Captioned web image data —
----------

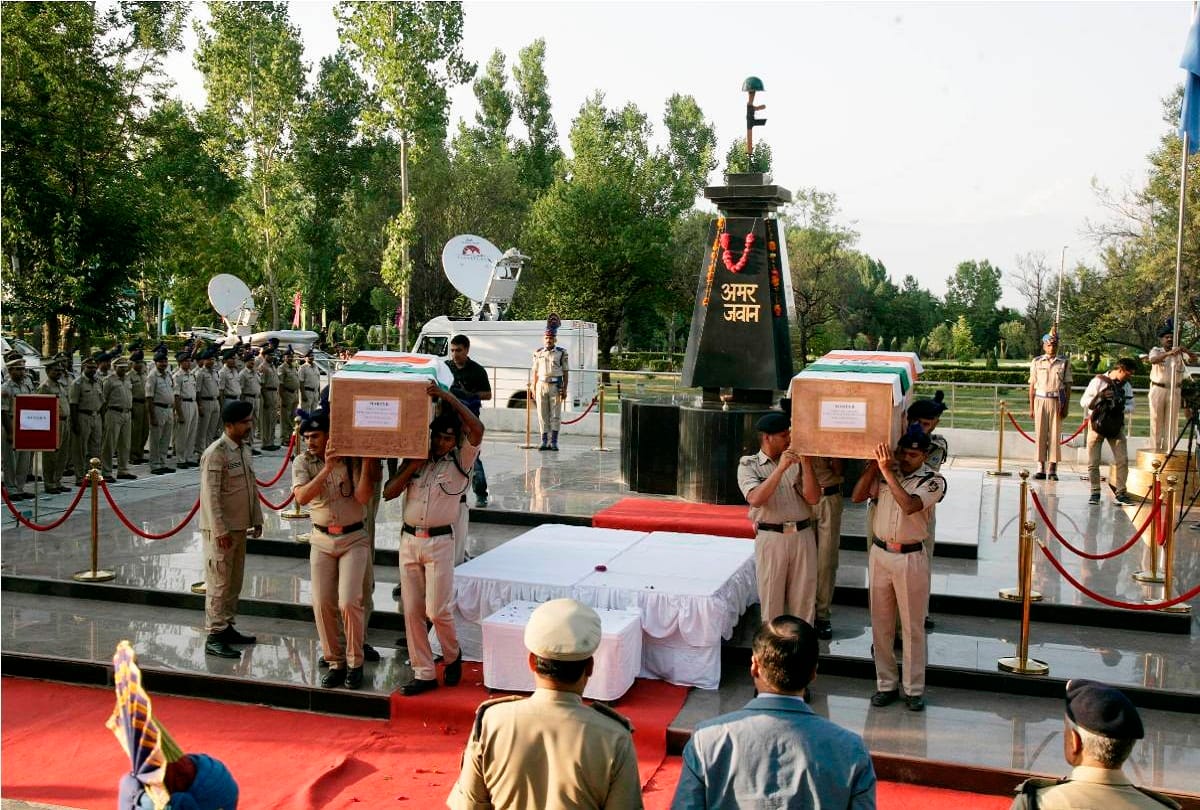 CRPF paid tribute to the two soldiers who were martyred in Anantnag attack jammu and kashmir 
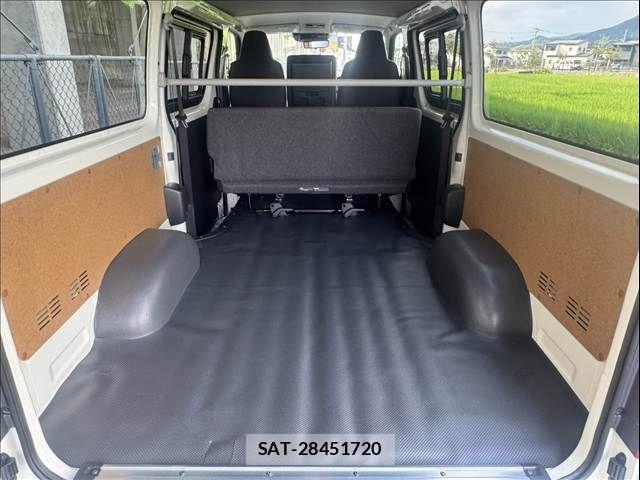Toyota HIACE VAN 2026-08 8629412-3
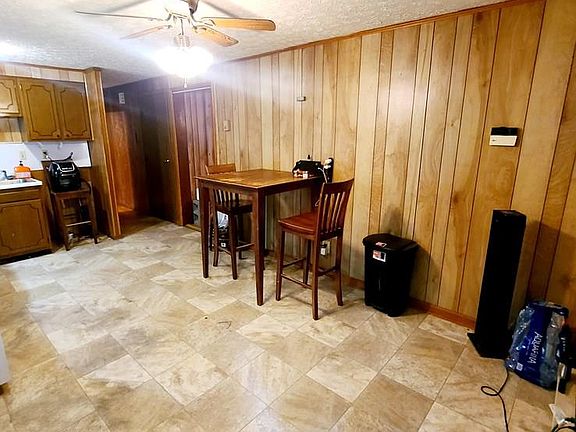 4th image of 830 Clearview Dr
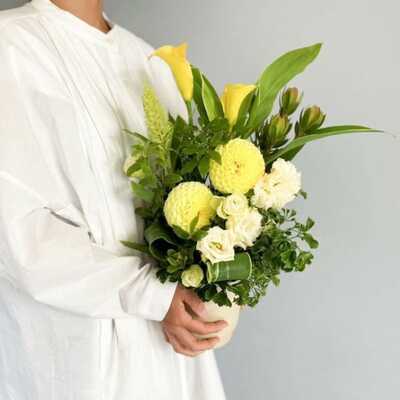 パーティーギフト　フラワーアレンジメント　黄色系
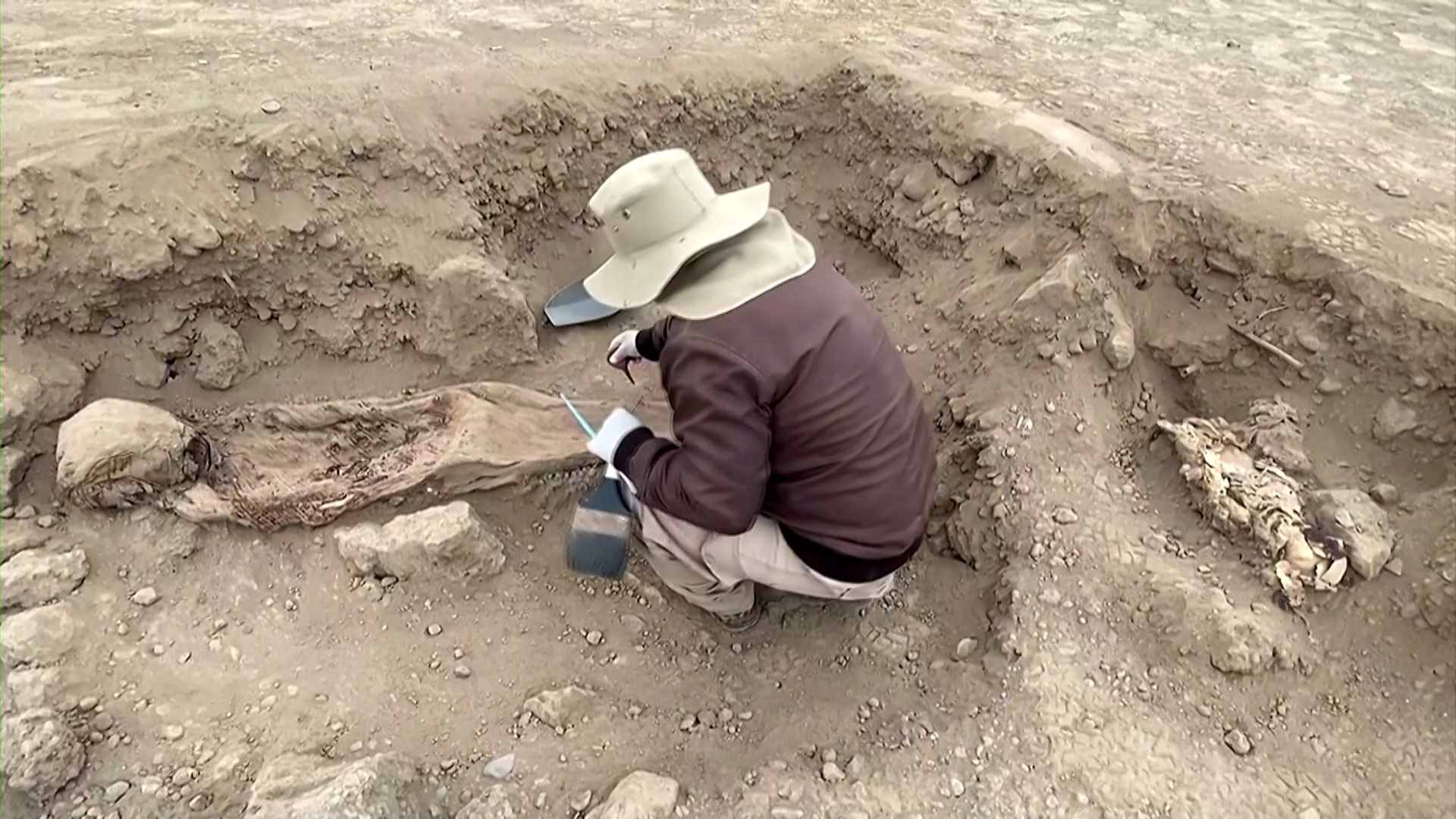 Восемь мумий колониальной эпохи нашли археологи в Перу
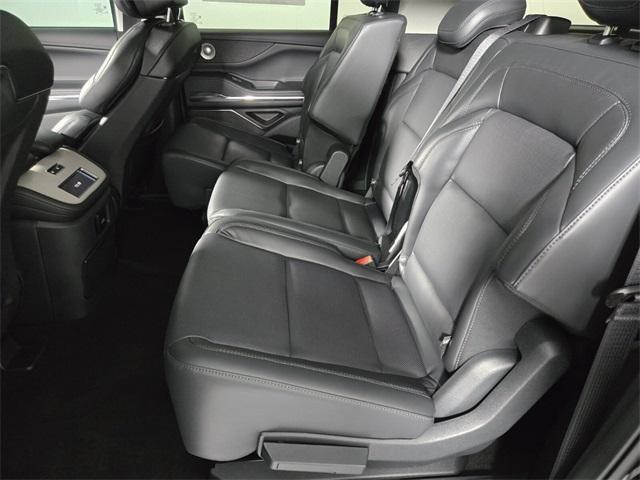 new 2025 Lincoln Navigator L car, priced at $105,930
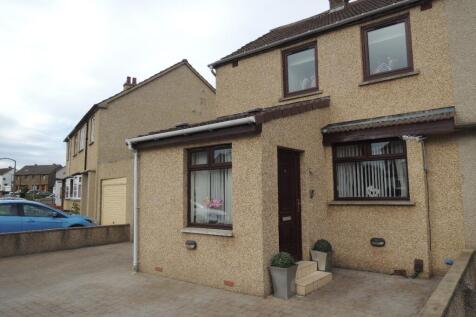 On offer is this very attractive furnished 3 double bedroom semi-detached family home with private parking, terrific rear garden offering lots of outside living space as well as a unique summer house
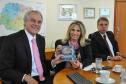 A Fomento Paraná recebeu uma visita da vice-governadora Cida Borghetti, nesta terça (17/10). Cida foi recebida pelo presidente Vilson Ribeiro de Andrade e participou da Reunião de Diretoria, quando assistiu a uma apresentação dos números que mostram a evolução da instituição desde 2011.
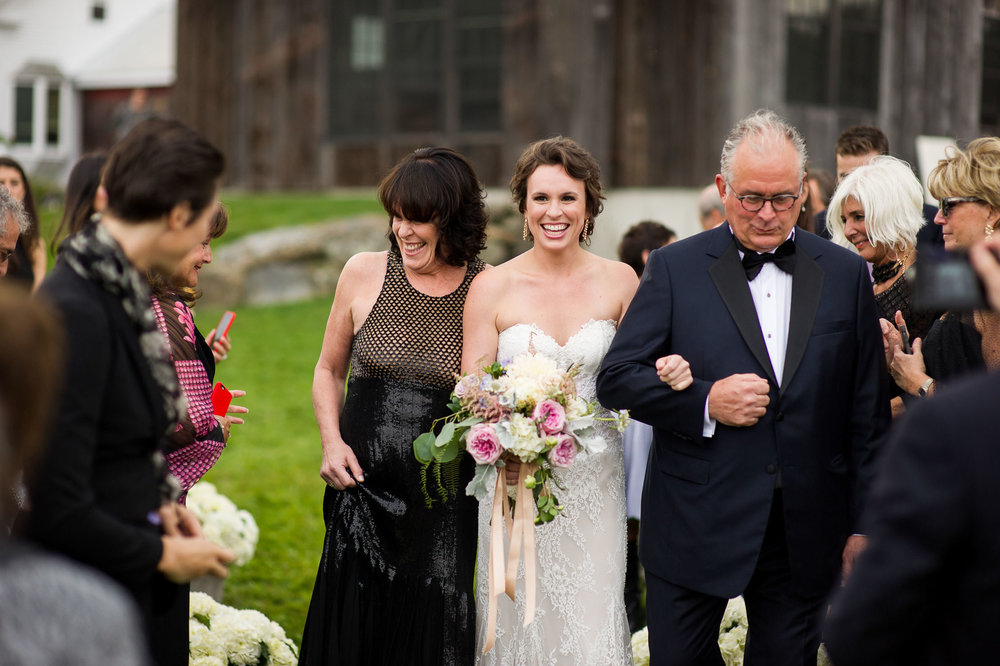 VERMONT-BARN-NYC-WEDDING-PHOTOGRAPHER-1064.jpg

----------

WORK ORDER —
Where a line contains "On offer is", begin there and transcribe every line through the last one of the records above, exactly and with no pictures.

FINISHED TASK —
 On offer is this very attractive furnished 3 double bedroom semi-detached family home with private parking, terrific rear garden offering lots of outside living space as well as a unique summer house
 A Fomento Paraná recebeu uma visita da vice-governadora Cida Borghetti, nesta terça (17/10). Cida foi recebida pelo presidente Vilson Ribeiro de Andrade e participou da Reunião de Diretoria, quando assistiu a uma apresentação dos números que mostram a evolução da instituição desde 2011.
 VERMONT-BARN-NYC-WEDDING-PHOTOGRAPHER-1064.jpg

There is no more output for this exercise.